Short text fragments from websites
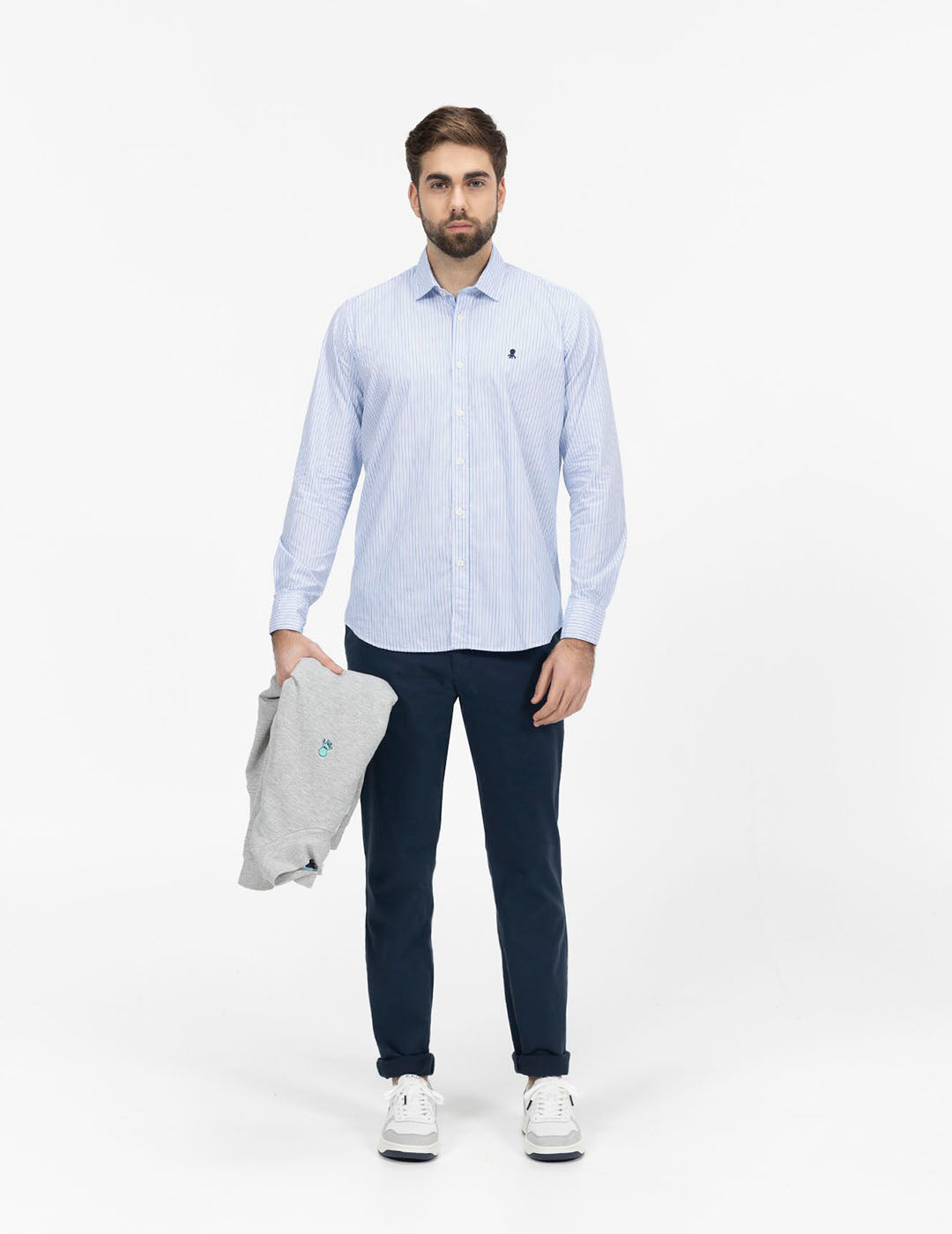 CAMISA RAYAS BICOLOR COMBINADA POPELÍN AZUL ROYAL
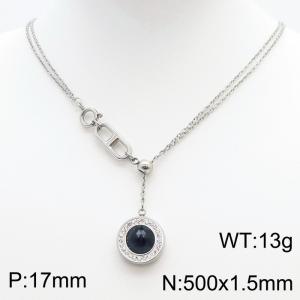 Stainless Steel Necklace Link Chain With Black Stone Pendant Silver Color - KN238411-Z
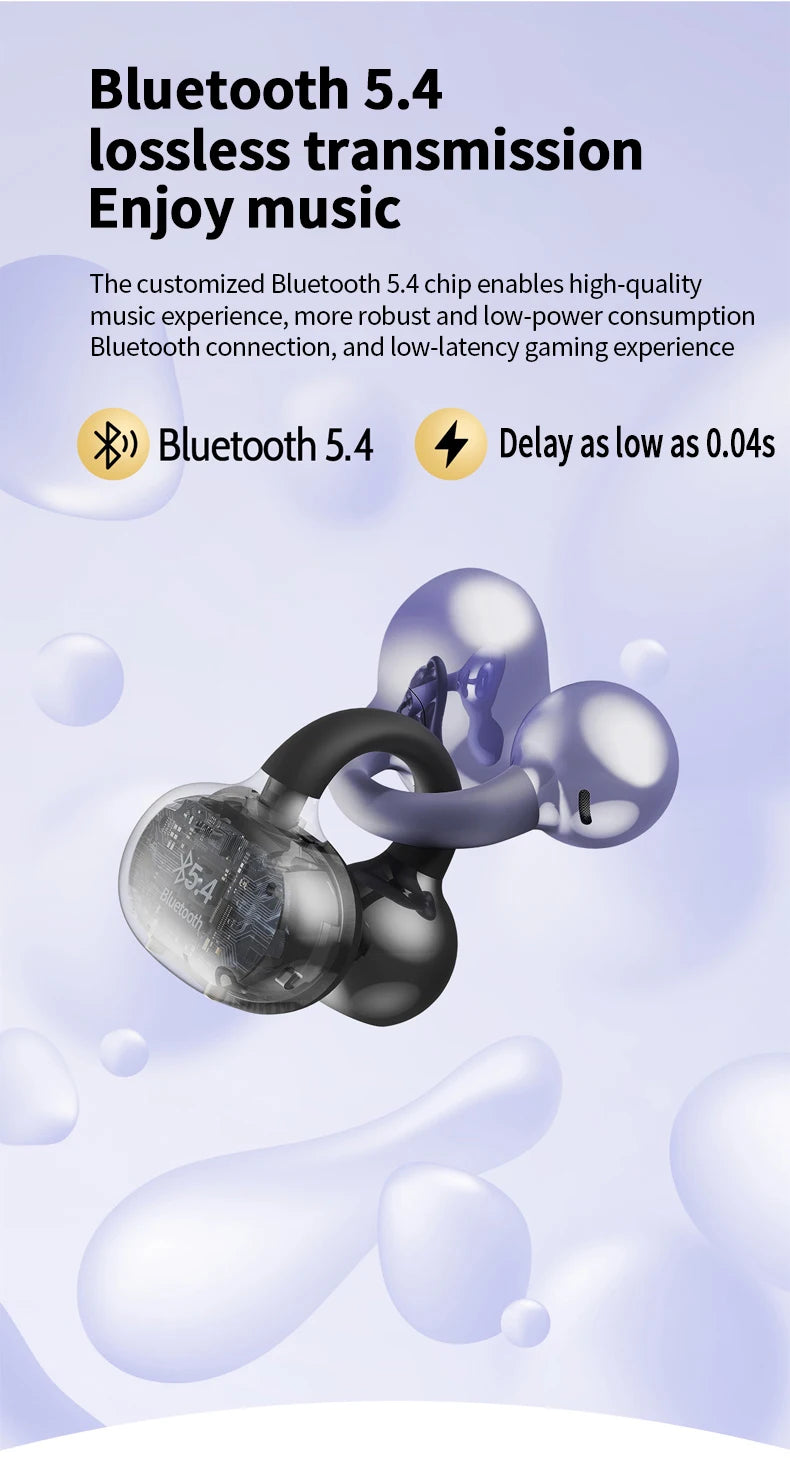 New Sport Earclip Wireless Headphone Bluetooth Earphone audífonos bluetooth inalámbrico Gaming LED Display Game and Music Mode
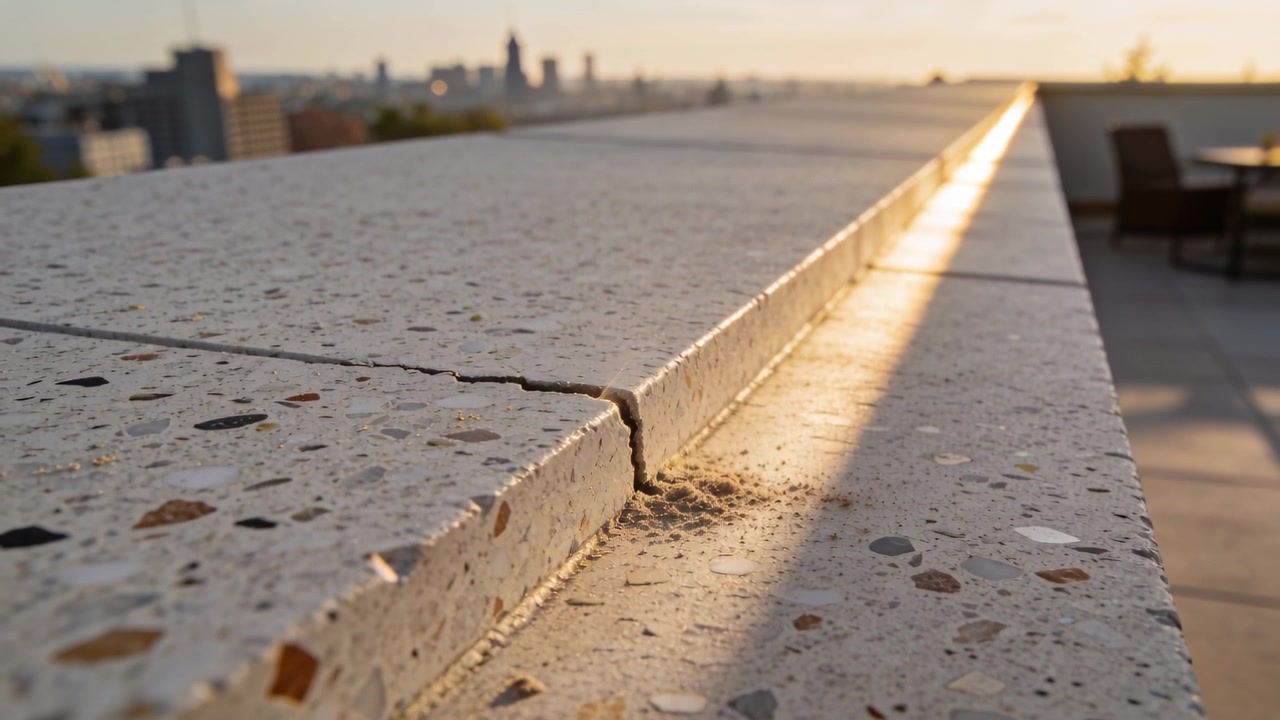 Telecamera in movimento che scorre lungo un cornicione di terrazzo su una terrazza sul tetto, rivelando una crepa e detriti verso lo skyline.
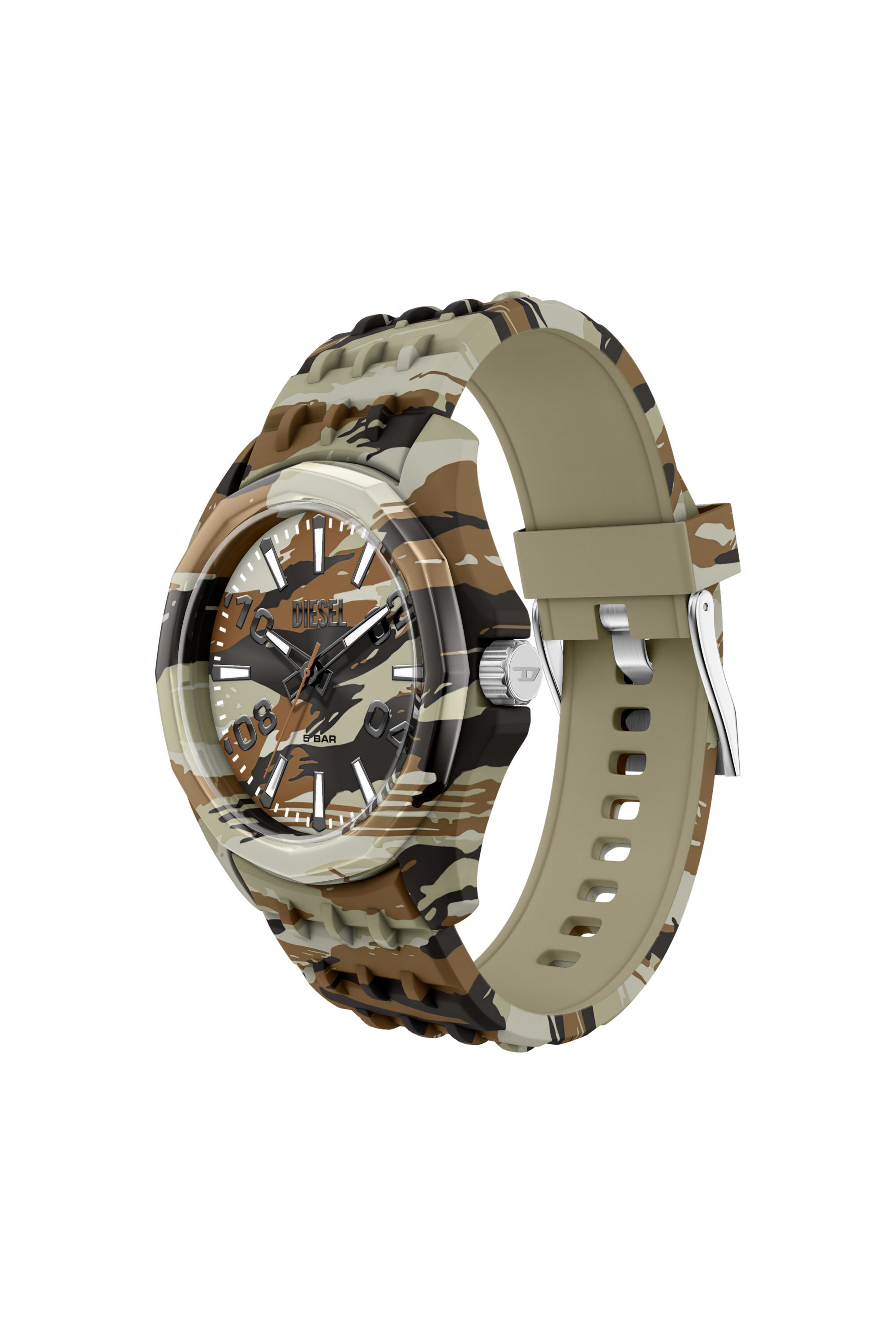Diesel - DZ2242 WATCH, Herren Stinger camo silicone watch in Braun/Gr&uuml;n - 4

## WHAT THE TASK ASKS
Would you write out an exact copy of the entries above, with no images?

## RESULT
 CAMISA RAYAS BICOLOR COMBINADA POPELÍN AZUL ROYAL
 Stainless Steel Necklace Link Chain With Black Stone Pendant Silver Color - KN238411-Z
 New Sport Earclip Wireless Headphone Bluetooth Earphone audífonos bluetooth inalámbrico Gaming LED Display Game and Music Mode
 Telecamera in movimento che scorre lungo un cornicione di terrazzo su una terrazza sul tetto, rivelando una crepa e detriti verso lo skyline.
Diesel - DZ2242 WATCH, Herren Stinger camo silicone watch in Braun/Gr&uuml;n - 4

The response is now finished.